Oh, Ahsoka Tano. That character is the most clichéd of all clichés: the abrasive, smart-mouthed kid who knows it all and saves the day on more than one occasion. Combine her and her annoying voice with Anakin’s complaining, angst-ridden character, and it’s no wonder the battle droids keep trying so hard to kill them. I’m actually surprised that Obi-Wan and the clone troopers didn’t turn their weapons on that pair, too.
While Christopher Lee’s return as Count Dooku is very important, and lends a certain gravitas to the proceedings, the rest of the voice acting is mediocre to say the least. Ashley Eckstein’s Tano is a bit too high pitched and sugary-little-girl for my tastes. Samuel L. Jackson and Anthony Daniels have, roughly five lines between them. The new Obi-Wan is a step down from Ewan McGregor, and the new Anakin isn’t a step up from Hayden Christiansen. The fact that Frank Oz kept away from this series, or was kept away, should tell you just about everything else you need to know about The Clone Wars. Tom Kane does the Yoda role justice, but it’s just not the same.
In some ways, the animation is wonderful. I love the way the ships were rendered. The uniforms of the clone troopers and the battle droids look great, as do some of the aliens. However, the human characters? Not so good. And the gravest sin of all is the hair! Every character with a shred of hair on its head flips, runs, contorts, shoots, and dives without his or her hair even moving slightly. Even Yoda’s head of wispy gray hair isn’t done justice, as he’s given thick, clumpy blocks of hair. The less said about facial hair, the better. I’m well aware that it’s a stylistic choice on the part of Lucas and company, but did we really need to make Christopher Lee look like one of the giant stone heads of Easter Island?
The animation is freeing. The Jedis are free to use more powers and to move and fight more naturally (if naturally is the proper way to describe folks who use magic parasites to fight with laser swords). The battles feel a bit larger, and there’s more freedom of movement in the course of the battle in ways that wouldn’t be practical with real cameras. Despite being made for television, and shot for television with lots of facial close-ups, there’s good use made of the letterbox format, and some impressive wide shots, especially during combat.

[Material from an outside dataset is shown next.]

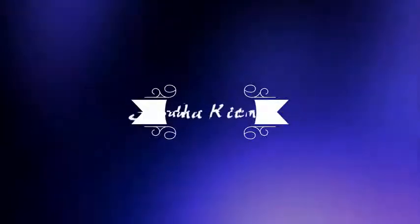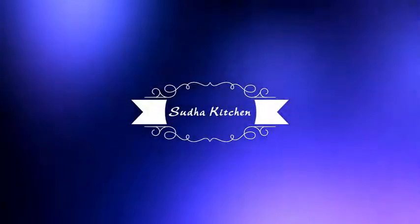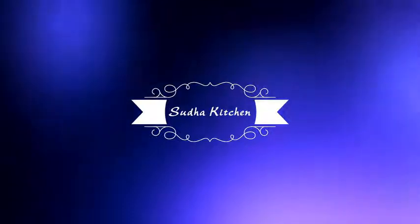Hi everyone, Namaste. I am Sudha. Welcome back to my channel friends. This is an unboxing video today.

There are some very good combat moments fortunately, but the character interaction is strained to say the least. The script, by Henry Gilroy, Steven Melching, and Scott Murphy, is very weak. Ahsoka is entirely too sassy for her own good, coming off as more obnoxious than spunky. Her chemistry with Anakin is incredibly forced, and the journey from two people that don’t like one another to friendly-ish seems rushed. The Battle Droids are back to being goofy and dumb. The one-liners and attempted jokes land with a Hutt-like splat. The lack of John Williams’ familiar score hurts more than I would have expected when it comes to underscoring the dramatic moments and heightening the tension in the action scenes. It comes off flat.
Perhaps I’m getting too old for Star Wars. Or maybe Star Wars is getting too young for me. While the initial trilogy started to run out of steam towards the end, and the new trilogy picked up steam towards the end, The Clone Wars is pretty much without steam from the very beginning. It has its moments, and will probably be much better in smaller TV-sized doses, but as a big screen event the struggle to get Stinky the Hutt is a let-down. Either I expected too much from the first CGI Star Wars animated film, or this beverage never had any fizz.